#### Excerpted data ####

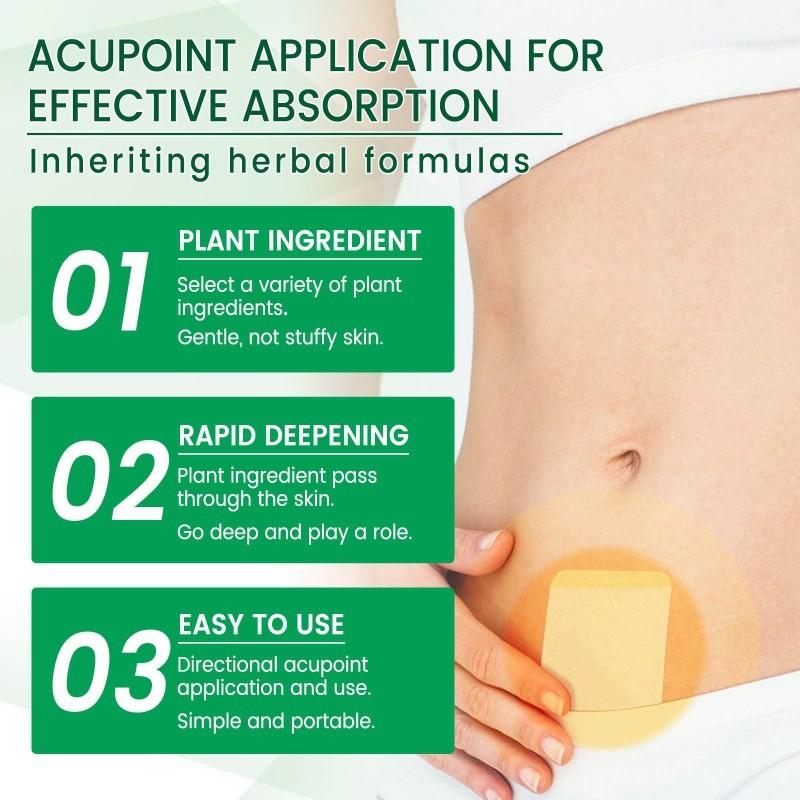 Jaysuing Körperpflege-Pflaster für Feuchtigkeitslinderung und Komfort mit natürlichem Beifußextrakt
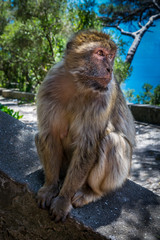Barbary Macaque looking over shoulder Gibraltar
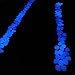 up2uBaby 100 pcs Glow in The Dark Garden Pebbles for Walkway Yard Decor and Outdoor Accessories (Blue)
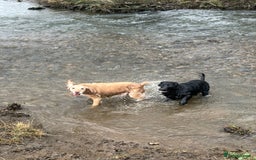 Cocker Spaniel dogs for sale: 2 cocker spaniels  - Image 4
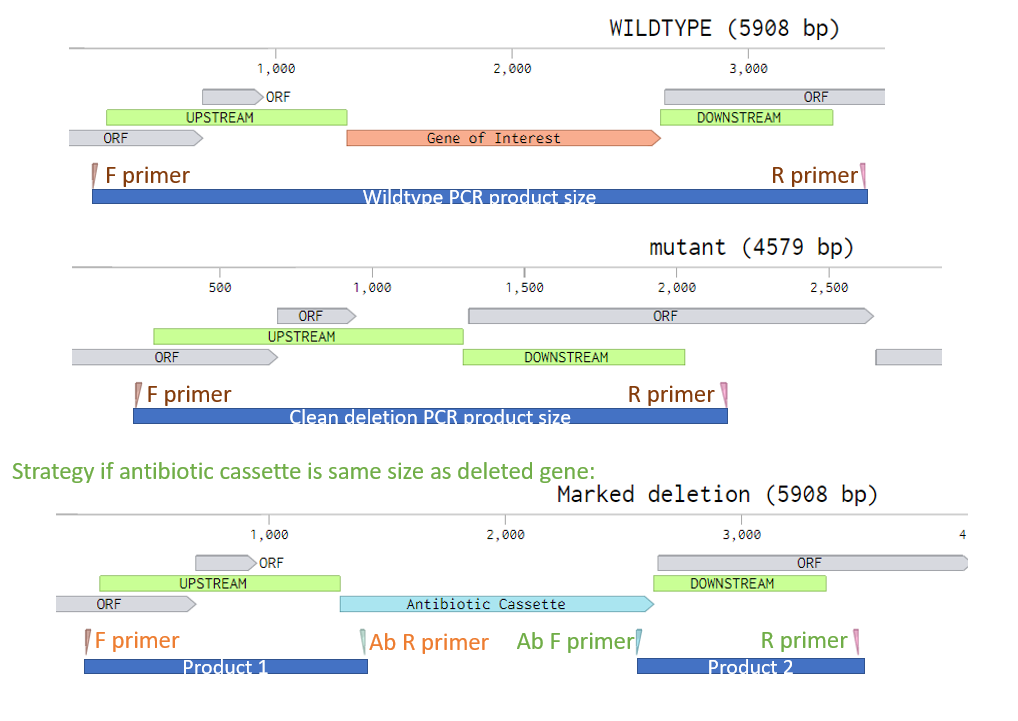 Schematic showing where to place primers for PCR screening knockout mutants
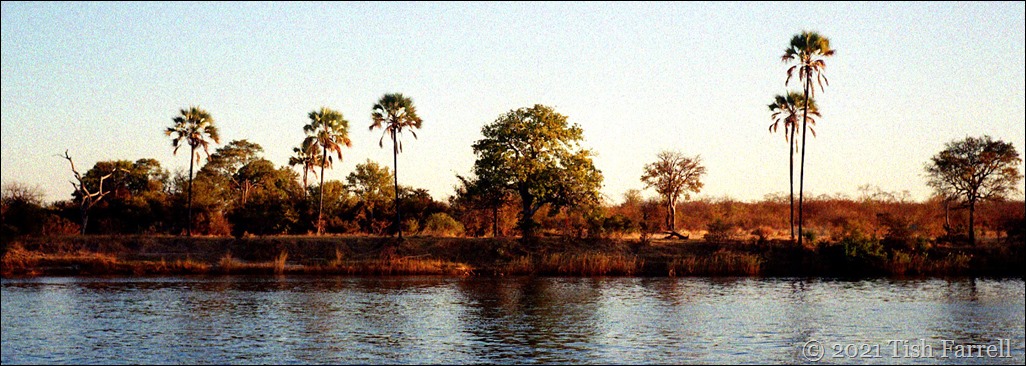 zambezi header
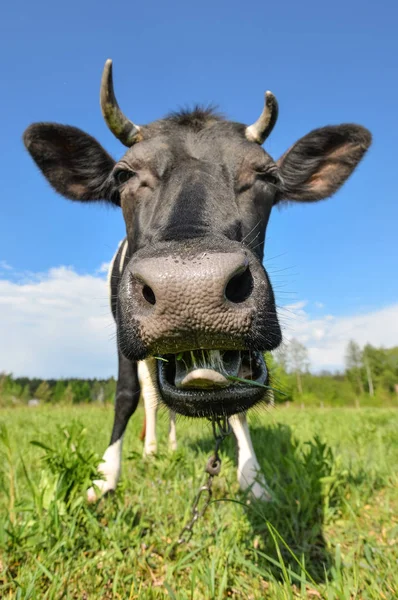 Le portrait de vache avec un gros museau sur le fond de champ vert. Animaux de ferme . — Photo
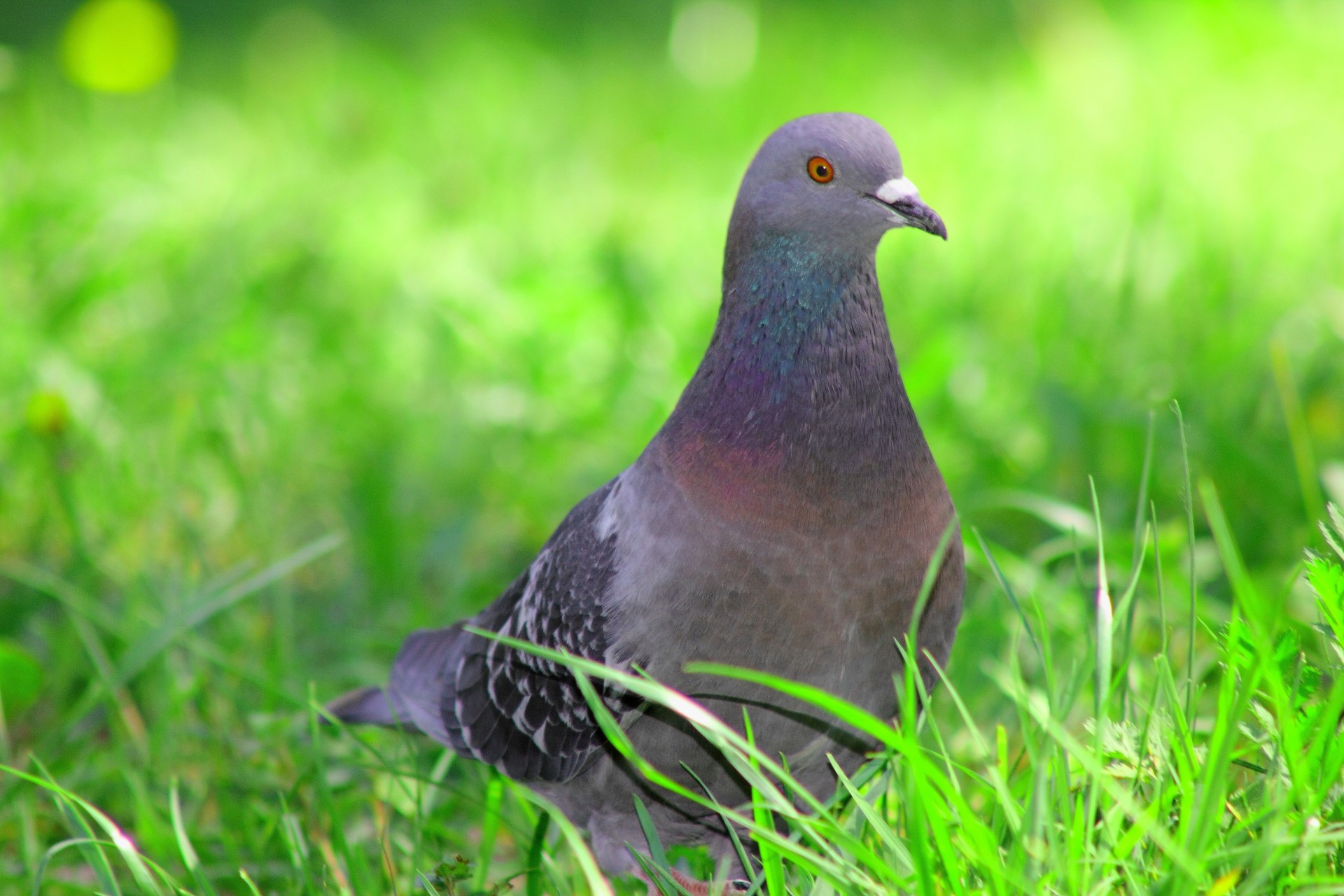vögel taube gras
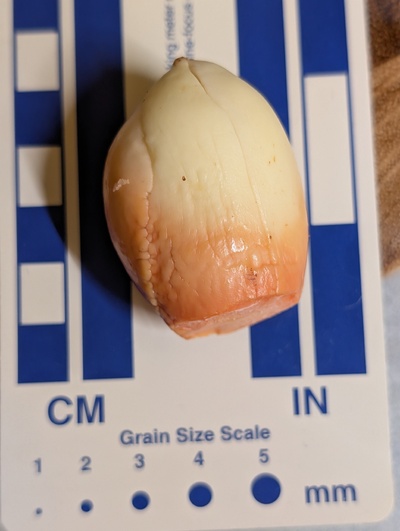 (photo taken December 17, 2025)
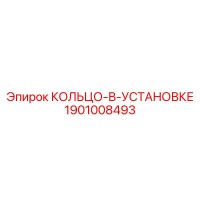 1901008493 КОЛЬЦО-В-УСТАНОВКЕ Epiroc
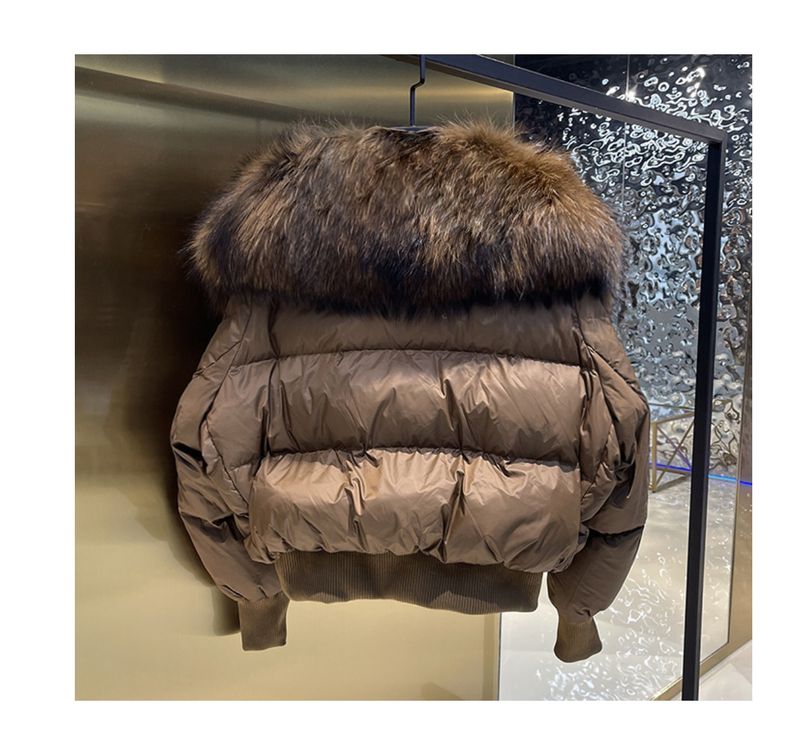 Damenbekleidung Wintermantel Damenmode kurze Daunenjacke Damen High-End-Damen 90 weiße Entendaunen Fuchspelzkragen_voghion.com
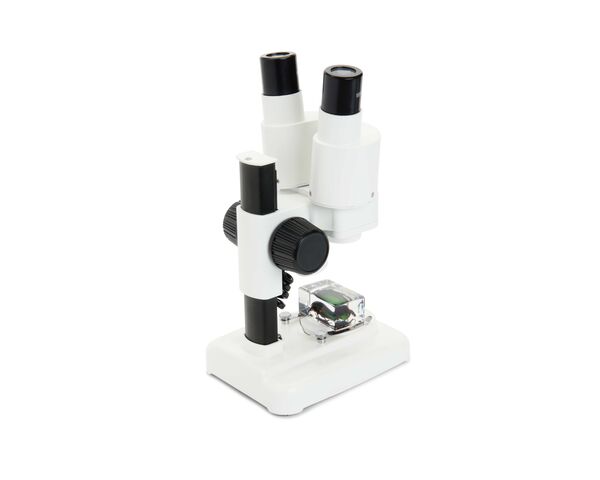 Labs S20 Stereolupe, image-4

####

_Your goal:_ Output each record verbatim, but skip anything that is a picture.

_Your solution:_
 Jaysuing Körperpflege-Pflaster für Feuchtigkeitslinderung und Komfort mit natürlichem Beifußextrakt
Barbary Macaque looking over shoulder Gibraltar
 up2uBaby 100 pcs Glow in The Dark Garden Pebbles for Walkway Yard Decor and Outdoor Accessories (Blue)
 Cocker Spaniel dogs for sale: 2 cocker spaniels  - Image 4
 Schematic showing where to place primers for PCR screening knockout mutants
 zambezi header
 Le portrait de vache avec un gros museau sur le fond de champ vert. Animaux de ferme . — Photo
vögel taube gras
 (photo taken December 17, 2025)
 1901008493 КОЛЬЦО-В-УСТАНОВКЕ Epiroc
 Damenbekleidung Wintermantel Damenmode kurze Daunenjacke Damen High-End-Damen 90 weiße Entendaunen Fuchspelzkragen_voghion.com
 Labs S20 Stereolupe, image-4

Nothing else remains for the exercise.